▸ WHAT IS REQUIRED:
The reply should consist solely of the lines from the one with "Schlafzimmer von LELELINKY" through the final line of the listing, copied exactly, with no pictures.

── SOURCE MATERIAL ──

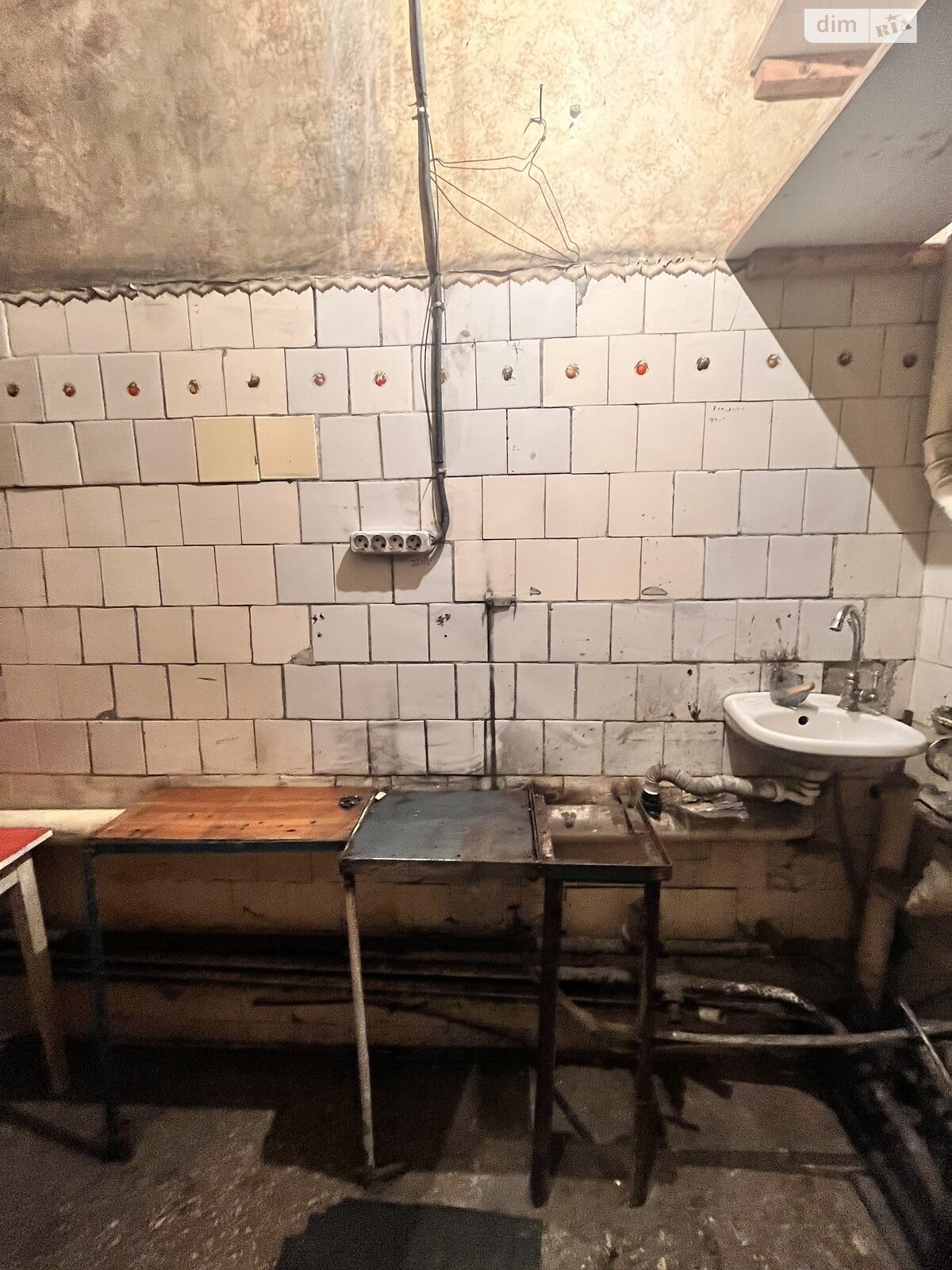 Коммерческое помещение в Хмельницком, сдам в аренду по Вайсера улица 13А, район Центр, цена: 3 640 грн за объект фото 1 Коммерческое помещение в Хмельницком, сдам в аренду по Вайсера улица 13А, район Центр, цена: 3 640 грн за объект фото 1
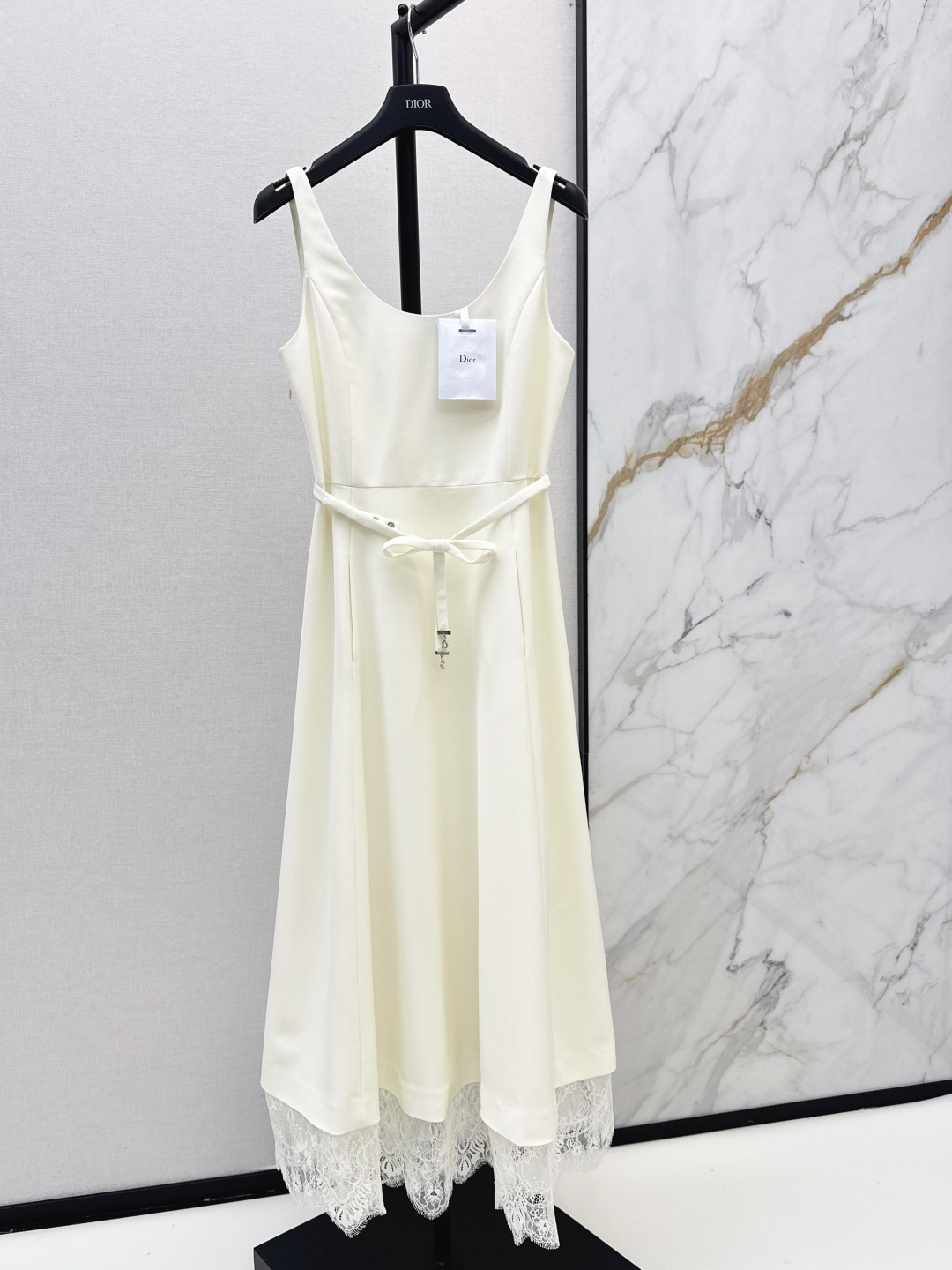 NO:841378,CD 26Ss——————The latest spring and summer lace splicing suspender dress. The U-shaped neckline suspender design is simple and elegant. The small bow pendant decoration is the finishing touch. The waist design accurately optimizes the body proportions. The lace edge is looming at the skirt, adding soft femininity. French elegance and mature temperament. It is very suitable for daily commuting, dating or light formal occasions. Two colors are available for sale sml,,skirts,19860909CD 26Ss—————春夏最新款蕾丝拼接吊带连衣裙U型领口吊带设计简约大方 蝴蝶结小吊坠装饰是点睛之笔 版型收腰设计精准优化身材比例 裙摆处拼接了蕾丝花边边缘若隐若现 增添了柔美的女人味 法式优雅轻熟气质 很适合日常通勤约会或轻正式场合穿 两色现货发售sml,,skirts,,Women's clothing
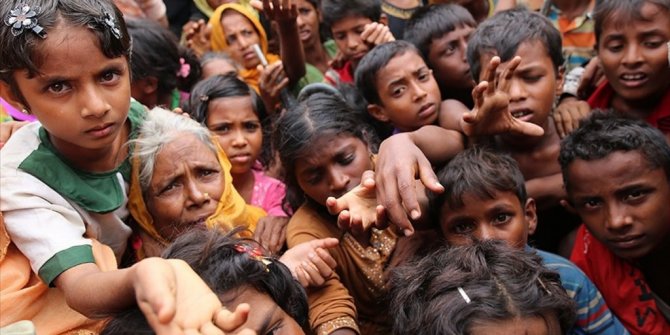 30 BİNİ AŞKIN ARAKANLI MÜSLÜMAN DAĞLIK ARAZİDE SIKIŞIP KALDI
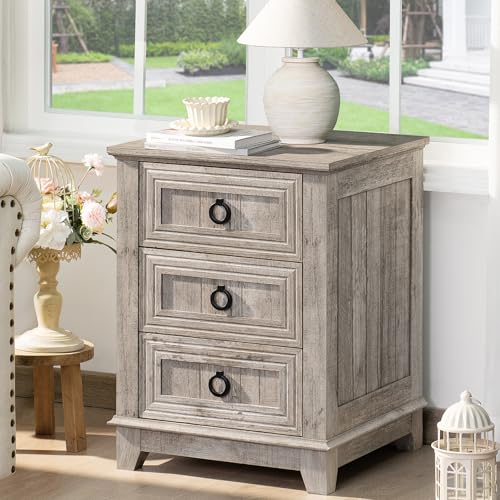 46 cm Nachttisch im Landhausstil mit 3 Schubladen, Beistelltisch Kommode für Schlafzimmer, Eichenholz Nachttische, Holz Bett Beistelltisch mit Metallgriff, Nachtschränkchen für Wohnzimmer Schlafzimmer 46 cm Nachttisch im Landhausstil mit 3 Schubladen, Beistelltisch Kommode für Schlafzimmer, Eichenholz Nachttische, Holz Bett Beistelltisch mit Metallgriff, Nachtschränkchen für Wohnzimmer Schlafzimmer von LELELINKY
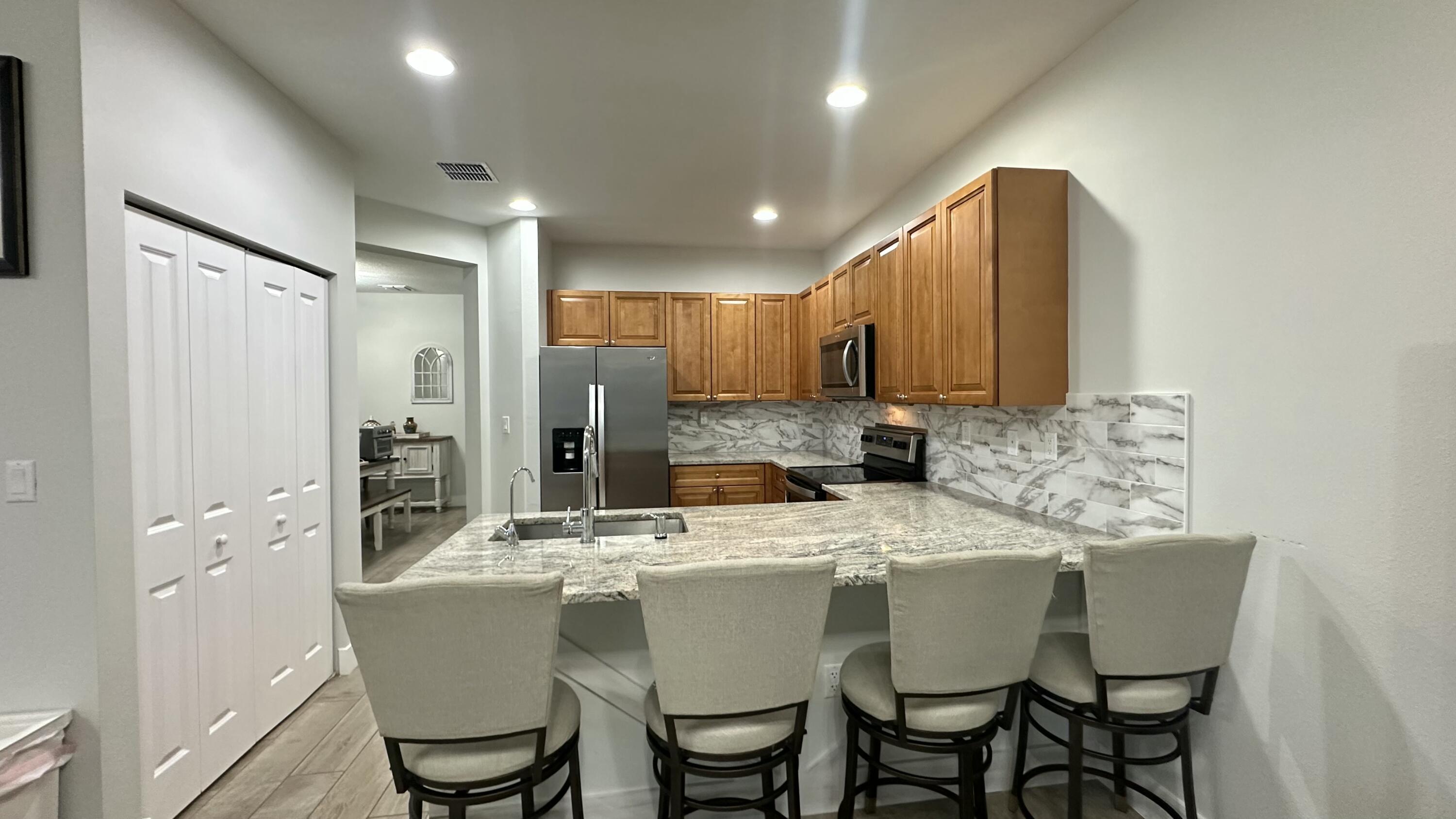 3012 King Palm Way Riviera Beach, FL 33410 - Photo 7 of 59 Kitchen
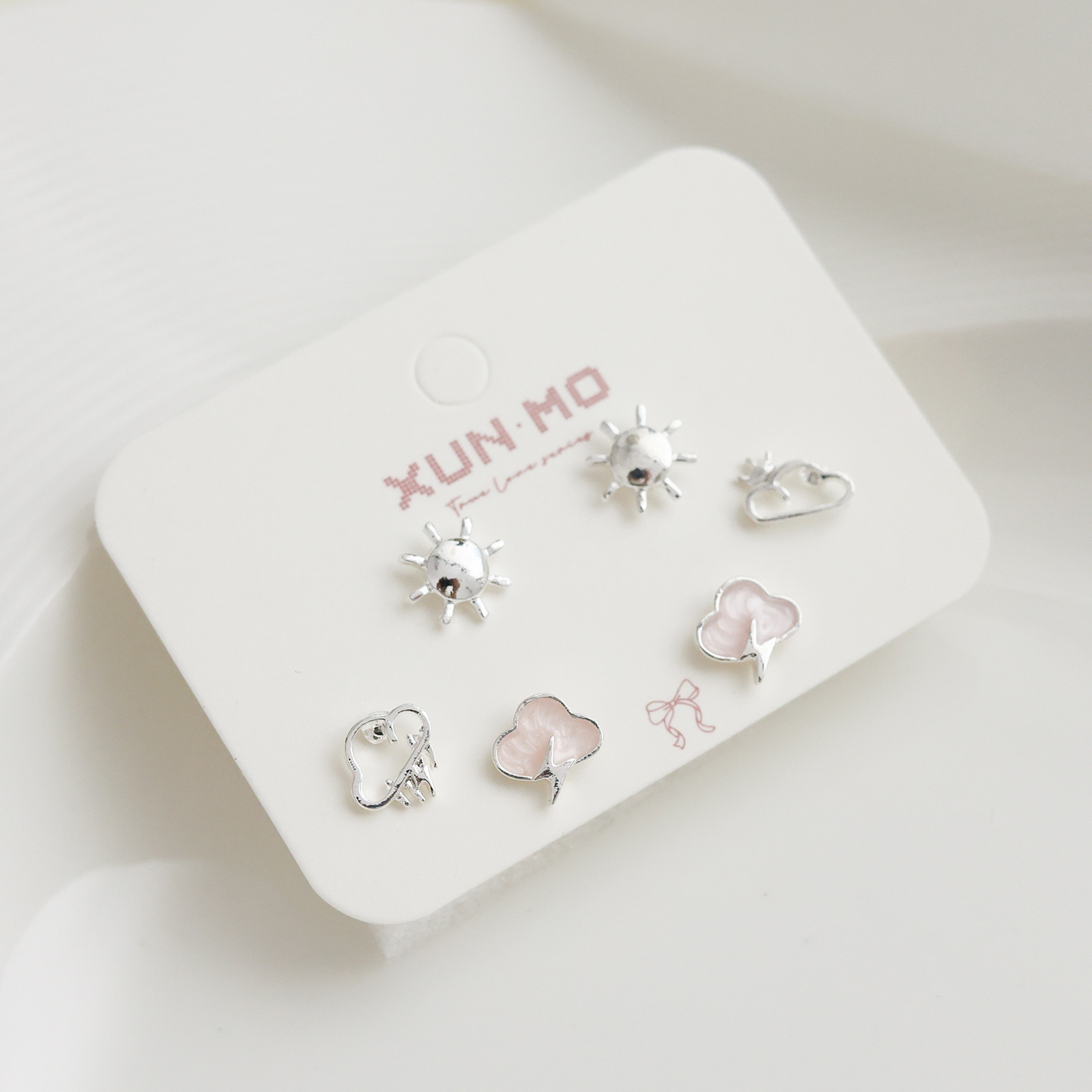 Juego de pendientes de aguja plateados, sencillos y compactos para mujer, pendientes geométricos en forma de corazón, bonitos, dulces y versátiles, venta al por mayor para puestos de mercado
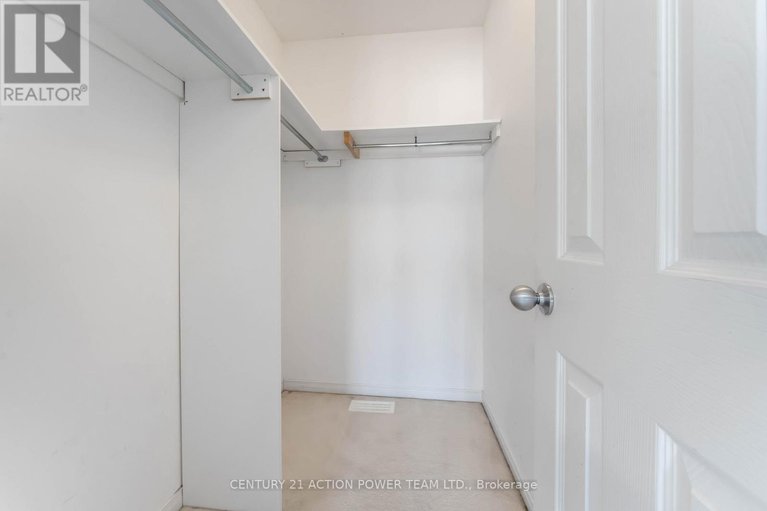 28913281/13-123-gatestone-private/beacon-hill-south/ottawa/ontario/K1J1K5_20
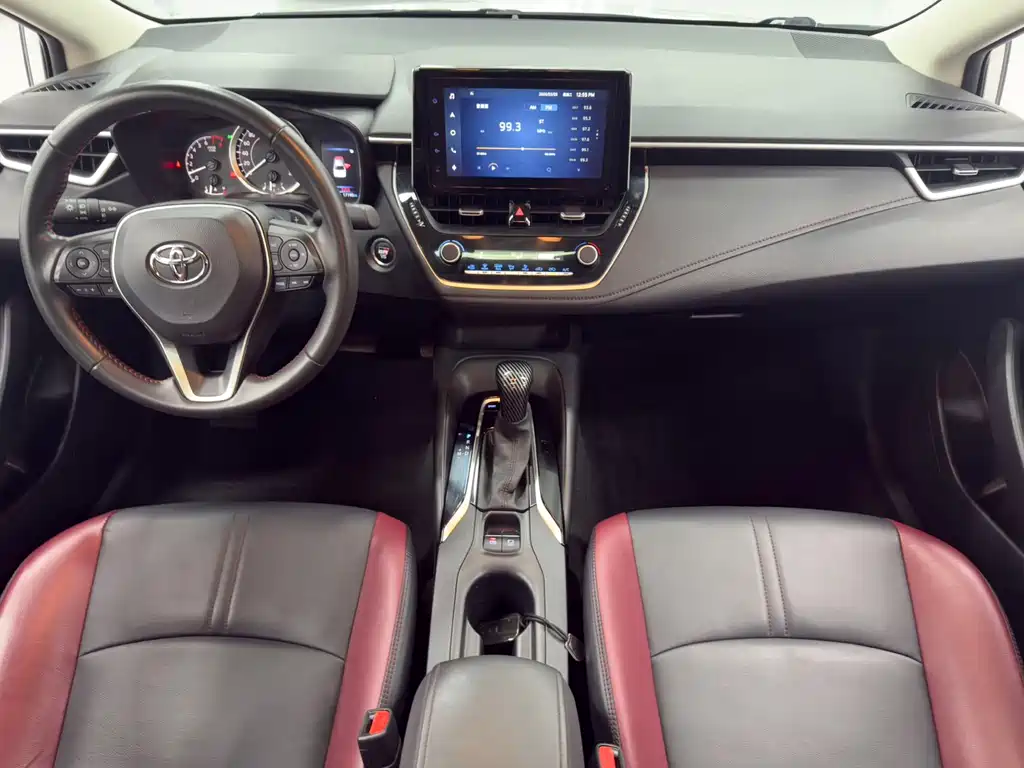Toyota Corolla — фото 14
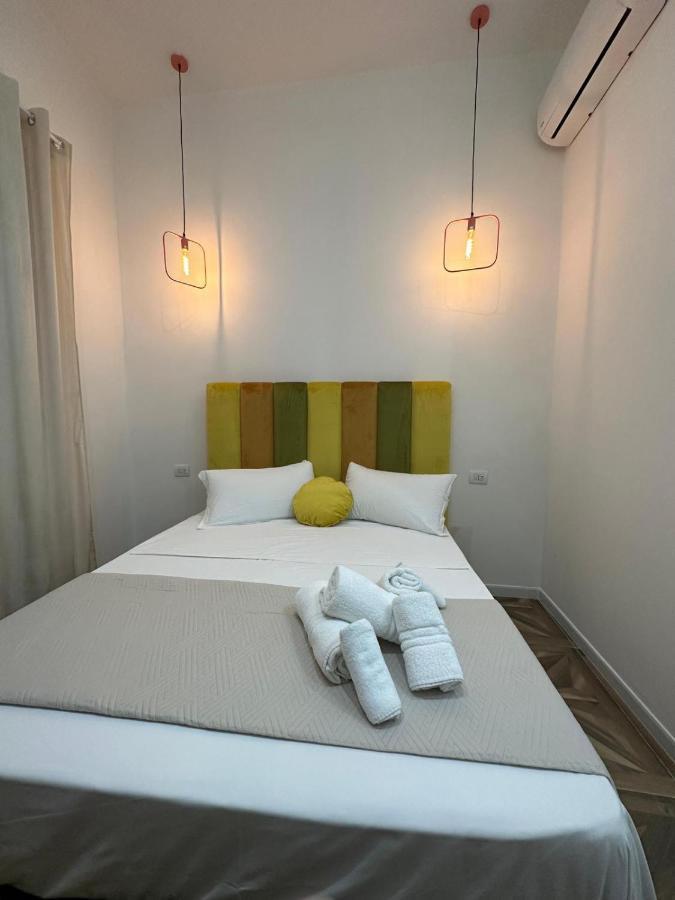 San Ferdinando Suite Room Napoli Bagian luar foto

───

▸ SOLVED PROBLEM:
 46 cm Nachttisch im Landhausstil mit 3 Schubladen, Beistelltisch Kommode für Schlafzimmer, Eichenholz Nachttische, Holz Bett Beistelltisch mit Metallgriff, Nachtschränkchen für Wohnzimmer Schlafzimmer 46 cm Nachttisch im Landhausstil mit 3 Schubladen, Beistelltisch Kommode für Schlafzimmer, Eichenholz Nachttische, Holz Bett Beistelltisch mit Metallgriff, Nachtschränkchen für Wohnzimmer Schlafzimmer von LELELINKY
 3012 King Palm Way Riviera Beach, FL 33410 - Photo 7 of 59 Kitchen
 Juego de pendientes de aguja plateados, sencillos y compactos para mujer, pendientes geométricos en forma de corazón, bonitos, dulces y versátiles, venta al por mayor para puestos de mercado
 28913281/13-123-gatestone-private/beacon-hill-south/ottawa/ontario/K1J1K5_20
Toyota Corolla — фото 14
 San Ferdinando Suite Room Napoli Bagian luar foto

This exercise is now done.